LONDON (AFX) - The yen continued weaker in early trade, affected by Japanese funds seeking off-shore assets amid signs that the Japanese government will espouse a hands-off policy while the ailing currency weakens, dealers said.
"Japanese investors were first off the mark selling the yen, with both equity and bond funds going for off-shore assets," Paul Bednarczyk, economist at 4CAST, said.
He also noted any repatriation of profits will end after March, paving the way for continued yen weakness.
Bednarczyk sees the yen hitting 130 to the dollar in the very near future, after the dollar shot past its 1999 high of 124.75 yen overnight to hit levels just above 125 yen.
Investors do not expect the Bank of Japan to intervene to shore up the yen, especially amid reports that the U.S. government discussed a weak yen policy before the March 19 U.S.-Japan summit meeting. The remarks from Taro Aso, state minister for economic and fiscal policy, dented the yen in Asian trading and led to more yen selling elsewhere.
The euro continued under pressure after the European Central Bank's decided to hold interest rates yet again, despite signs that the slowdown in the U.S. is starting to affect euro zone growth.

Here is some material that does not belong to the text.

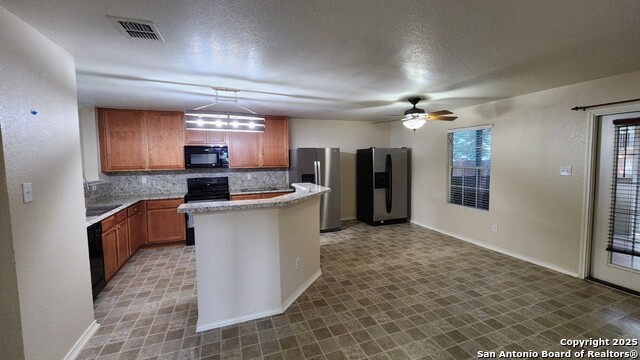 Listing photo id 5 for 310 Butternut
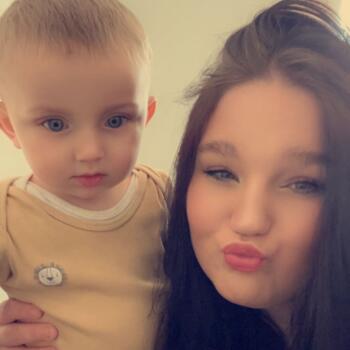 Babysitter Job in Gornsdorf: Babysitter Job Janina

The ECB's preoccupation with inflation continues, although the market has shifted its focus to growth prospects, Bednarczyk said. "They missed the opportunity to act pro-actively," he said, adding that ECB intervention to prop up the euro is unlikely at this juncture.
If the bank is going to cut rates by 50 basis points at its next meeting, any intervention now will appear to be 'short termist,' he said.